Re: Raw device on PostgreSQL - Mailing list pgsql-hackers

From Jonah H. Harris
Subject Re: Raw device on PostgreSQL
Date
Msg-id CADUqk8Unc-0mScnnRsgU7ZYbUg4G8fe=NuWO=dhGYJLb2P=eCg@mail.gmail.com
Whole thread Raw
In response to Re: Raw device on PostgreSQL  (Thomas Munro <thomas.munro@gmail.com>)
List pgsql-hackers
On Fri, May 1, 2020 at 4:59 PM Thomas Munro <thomas.munro@gmail.com> wrote:
On Fri, May 1, 2020 at 12:28 PM Jonah H. Harris <jonah.harris@gmail.com> wrote:
> Also, this will likely have an issue with O_DIRECT as additional buffer manager alignment is needed and I haven't tracked it down in 13 yet. As my default development is on a Mac, I have POSIX AIO only. As such, I can't natively play with the O_DIRECT or libaio paths to see if they work without going into Docker or VirtualBox - and I don't care that much right now :)

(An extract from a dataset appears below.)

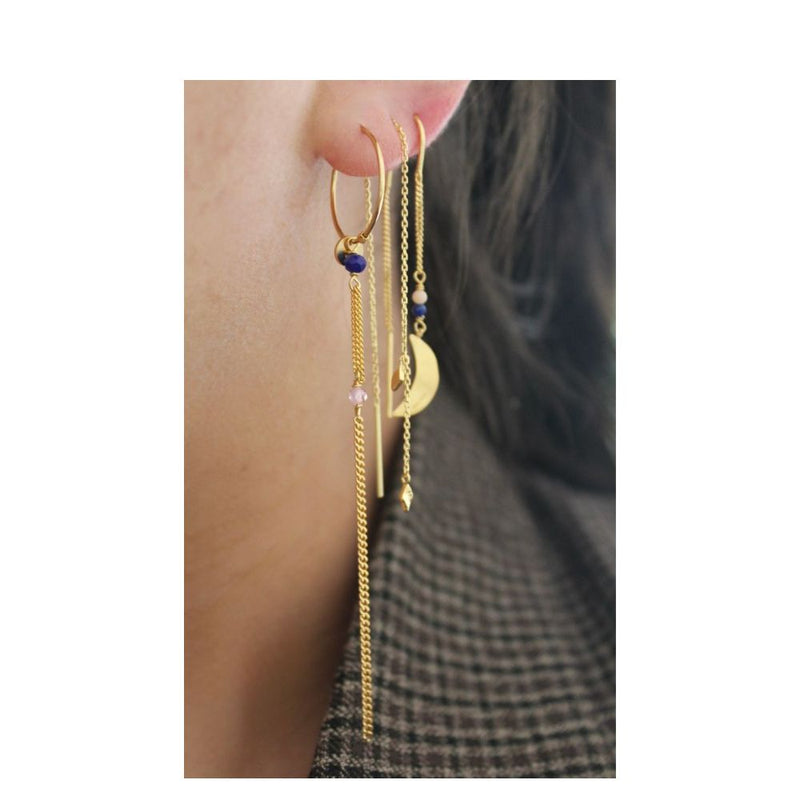 Stine A øreringe - Miss Paris Hoop Earring with Long Chain - Montmartre, Single – 1435-02-S - Guld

Andres is prototyping with io_uring, which supersedes libaio and can
do much more stuff, notably buffered and unbuffered I/O; there's no
point in looking at libaio.  I agree that we should definitely support
POSIX AIO, because that gets you macOS, FreeBSD, NetBSD, AIX, HPUX
with one effort (those are the systems that use either kernel threads
or true async I/O down to the driver; Solaris and Linux also provide
POSIX AIO, but it's emulated with user space threads, which probably
wouldn't work well for our multi process design).  The third API that
we'd want to support is Windows overlapped I/O with completion ports.
With those three APIs you can hit all systems in our build farm except
Solaris and OpenBSD, so they'd still use synchronous I/O (though we
could do our own emulation with worker processes pretty easily).

Is it public? I saw the presentations, but couldn't find that patch anywhere.